In exciting news for luxury fashion, Northern Irish designer Jonathan Anderson today unveiled his hotly anticipated debut collection as Dior's men's and women's creative director in Paris — turning the page to a fascinating new chapter for the French house.
The announcement of Anderson’s appointment earlier this year sent shockwaves through the industry. Known for his conceptual androgynous designs at his eponymous label JW Anderson, as well as Spanish house of Loewe, the designer’s first outing at Dior saw him double down on timeless preppy codes.

The build-up was typically Anderson with cryptic Instagram teasers, including portraits of Basquiat, "Dracula Dior" bags, and a short film starring French footballer Kylian Mbappé.
Today, the anticipation culminated at Dior’s show venue in Paris, where a star-studded front row filed in.

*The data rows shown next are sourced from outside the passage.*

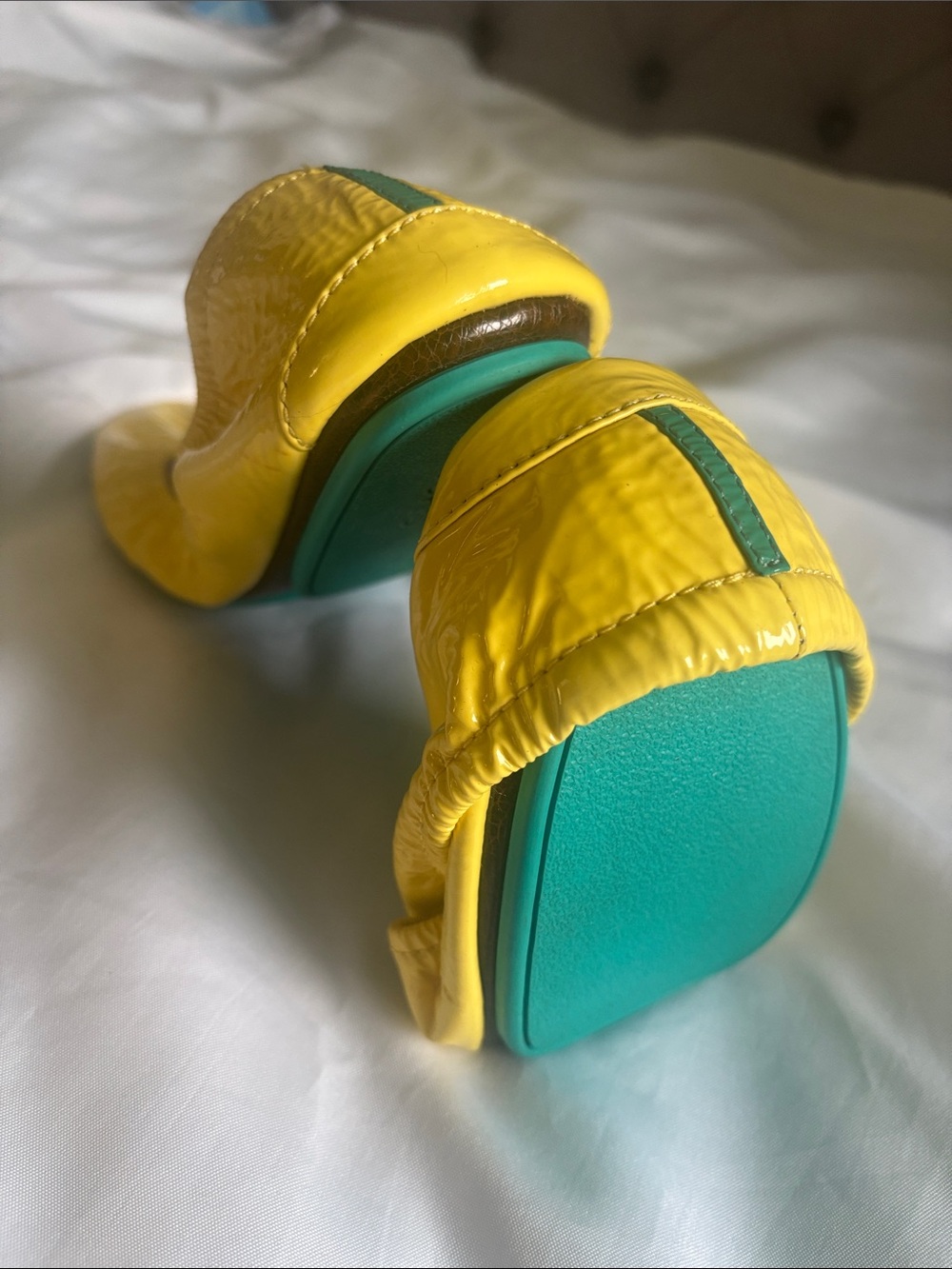 Yellow Foldable Ballet Flats with Teal Soles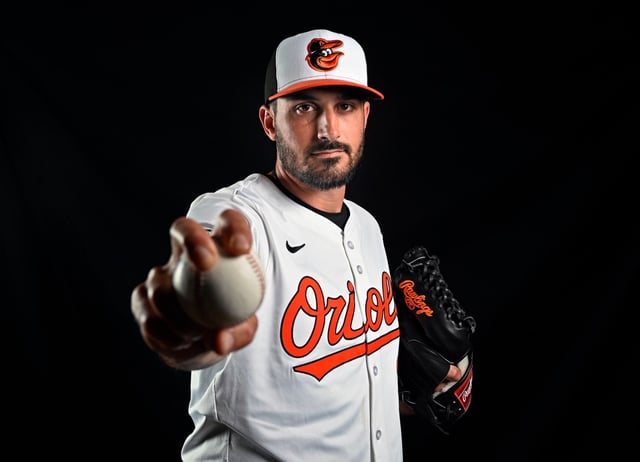 Orioles pitcher Zach Eflin at 2025 spring training in Sarasota, Florida, on Wednesday. (Kenneth K. Lam/Staff)
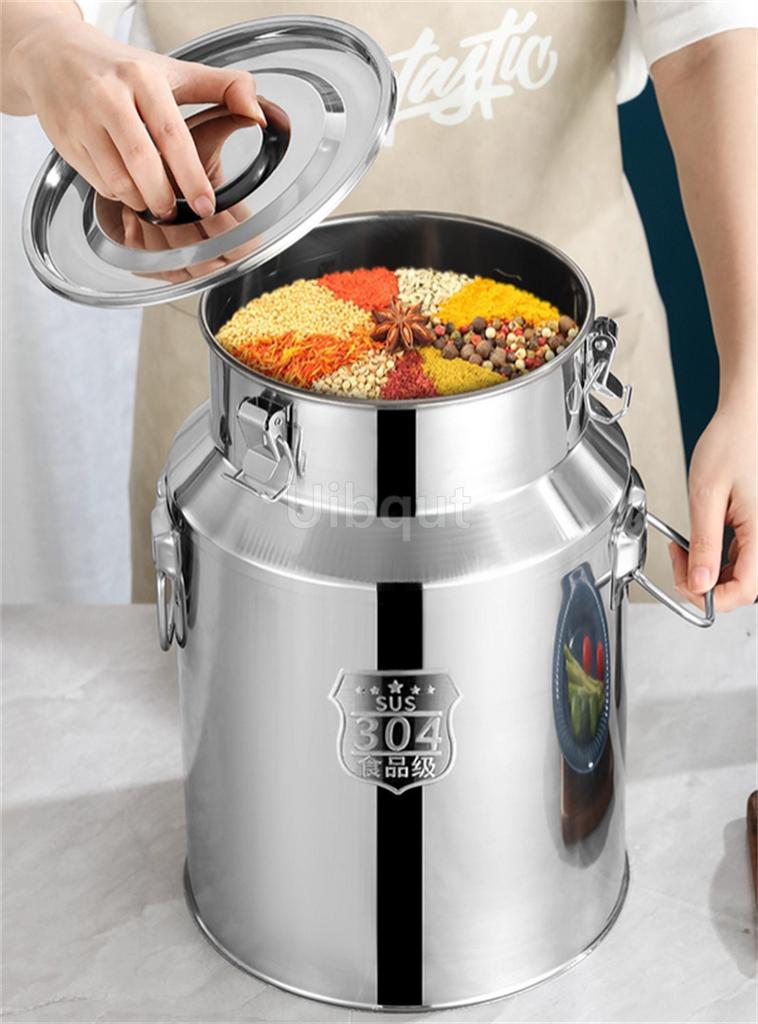304 Stainless Steel Fermenters Wine Fermented Beer Fermenters Milk Barrel Bucket Sealing Oil Barrel Tea Canister Storage Pot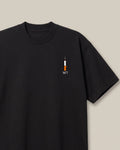 Cigarette Butt Black oversized t-shirt — cigarette butt minimalist pocket pun, front print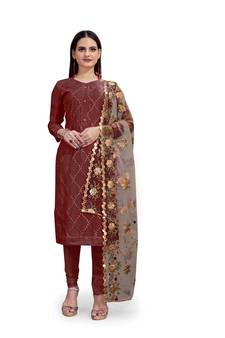 Maroon embroidered chanderi salwar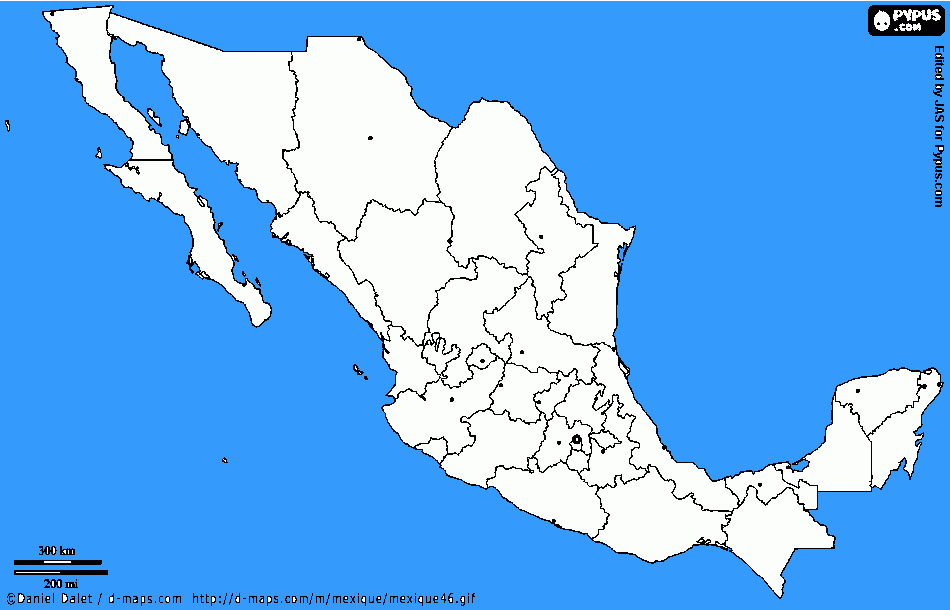cartina politica Messico da colorare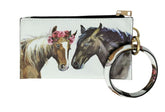 2 Horse Illustration Printed Wristlet
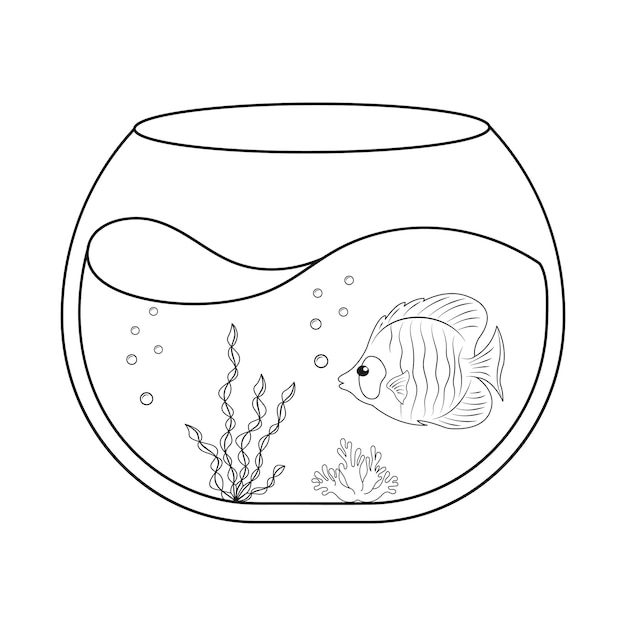 Acuario con libro para colorear de pec dibujo de contorno infantil de una mascota acuãtica vector premium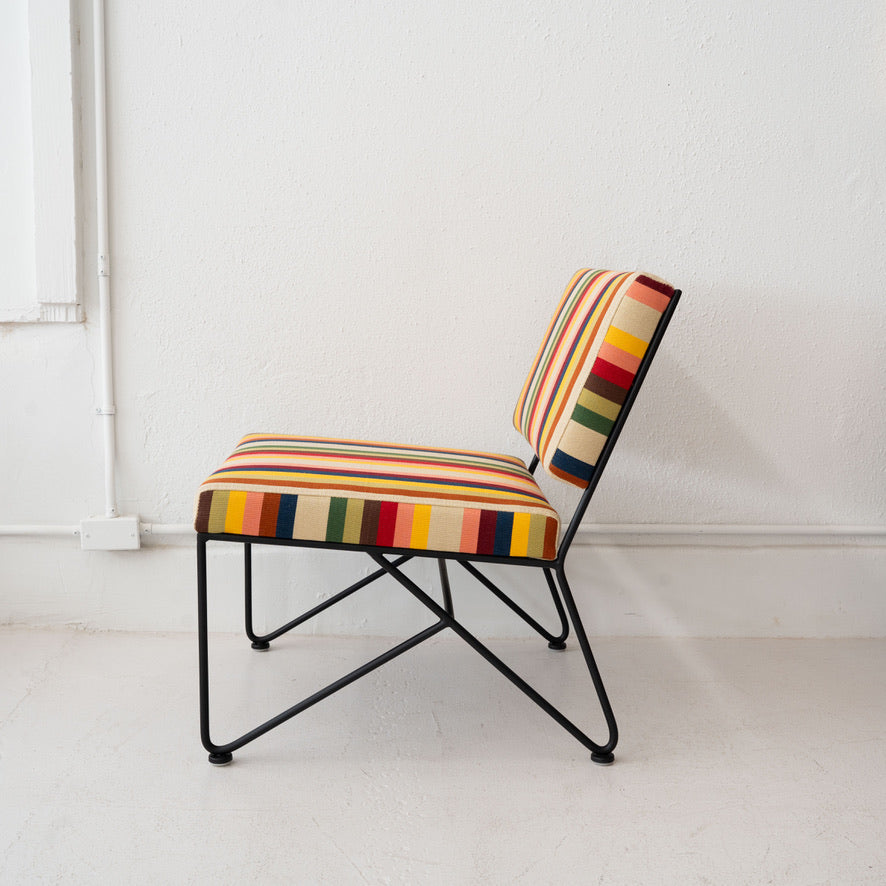 Upholstered Lounge Chair: Earth Stripe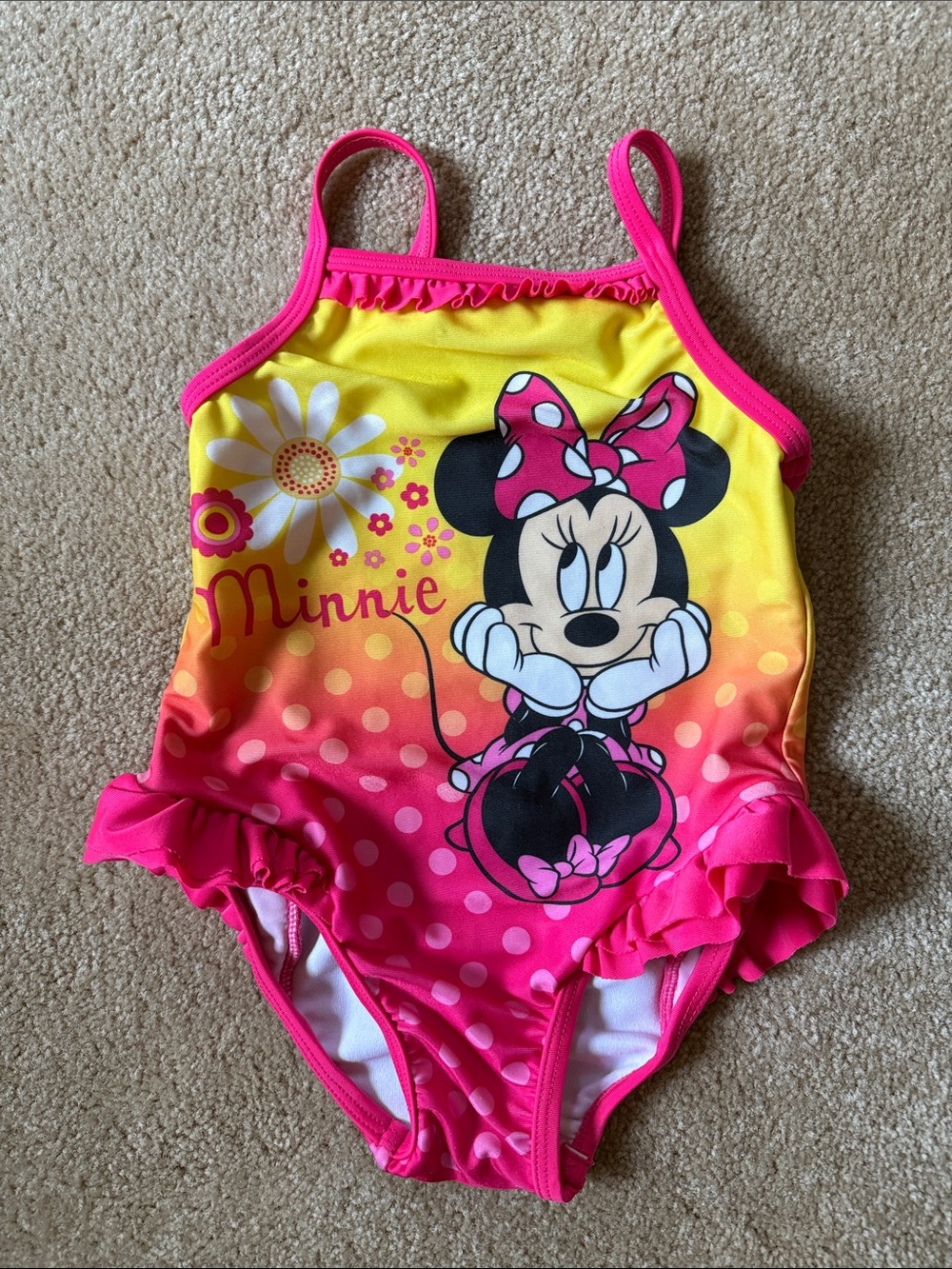 Disney Girls' Minnie Mouse Hot Pink and Yellow One-Piece Swimsuit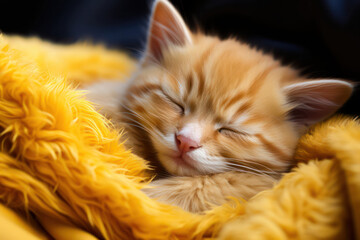 Naklejka premium A close-up shot of a sleeping cat wrapped in a cozy blanket, capturing its adorable face peeking out and the warmth it exudes in its sleep | ACTORS: Cat | LOCATION TYPE: Cozy corner | CAMERA MODEL: So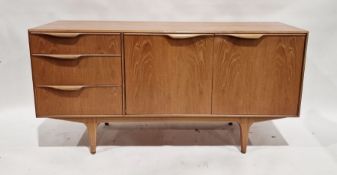 Mid-20th century McIntosh teak sideboard with pair of cupboards, three drawers, on tapering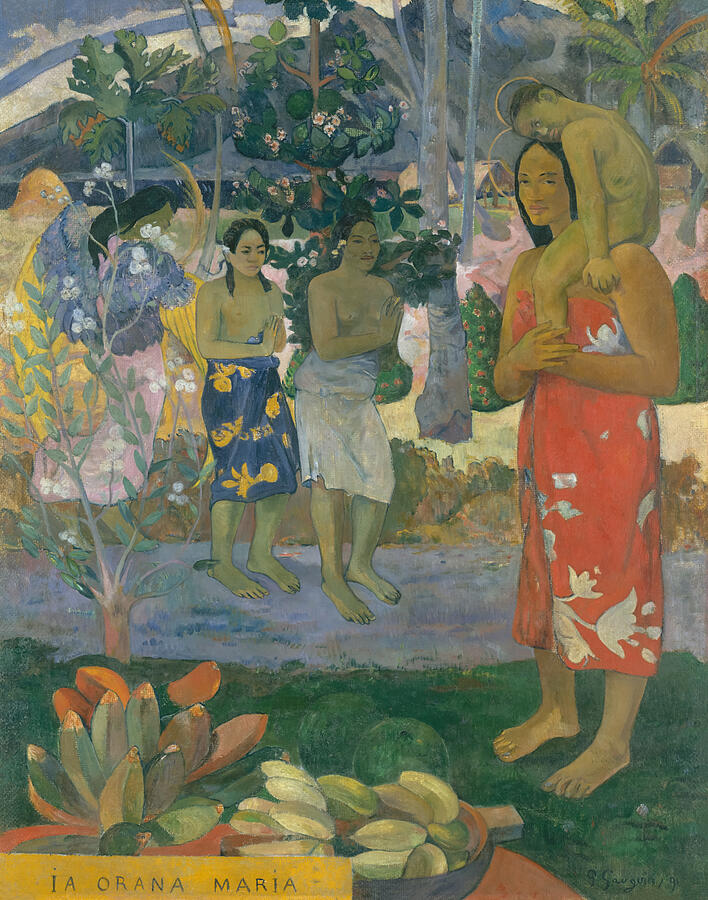 Paul Gauguin Painting - Ia Orana Maria by Paul Gauguin by Mango Art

Leading arrivals were actors Robert Pattinson, dapper in beige chinos, blue shirt and tie, and Daniel Craig, who channelled an off-duty teacher in dark denim, a wool blazer and Dad-style New Balance trainers.


Pharrell Williams — creative director of Louis Vuitton menswear and a fellow LVMH star — made a supportive appearance in a Vuitton blue sweatshirt and shorts, while fellow designer Donatella Versace also attended to get a first glimpse at the 79-year-old maison’s new look.
Tennis legend Roger Federer and his wife Mirka opted for sleek monochromes, while pop sensation Sabrina Carpenter surprised fans with her understated, demure take on Dior’s Bar suit, reinterpreted in grey with a modern edge.



South Korean rapper and singer Mingyu was in attendance, as was Challengers star Josh O’Connor and the director Luca Guadagnino. Anderson has a rich working history with Guadagnino, having designed the costumes in Bones & All, Challengers and Queer.

As Paris Fashion Week rumbles on, all eyes will remain firmly fixed on Anderson — and what this bold new era for Dior might bring. Other highlights count Jacquemus, Kenzo and Hermès before it’s couture time. Starting July 7, everyone fashion literate should keep an eye out for Demna’s final collection for Balenciaga, before he takes the reins at Gucci, as well as have an opinion on Glenn Martens’ debut at Maison Margiela, where he fills outgoing head John Galliano’s rather large Tabi boots.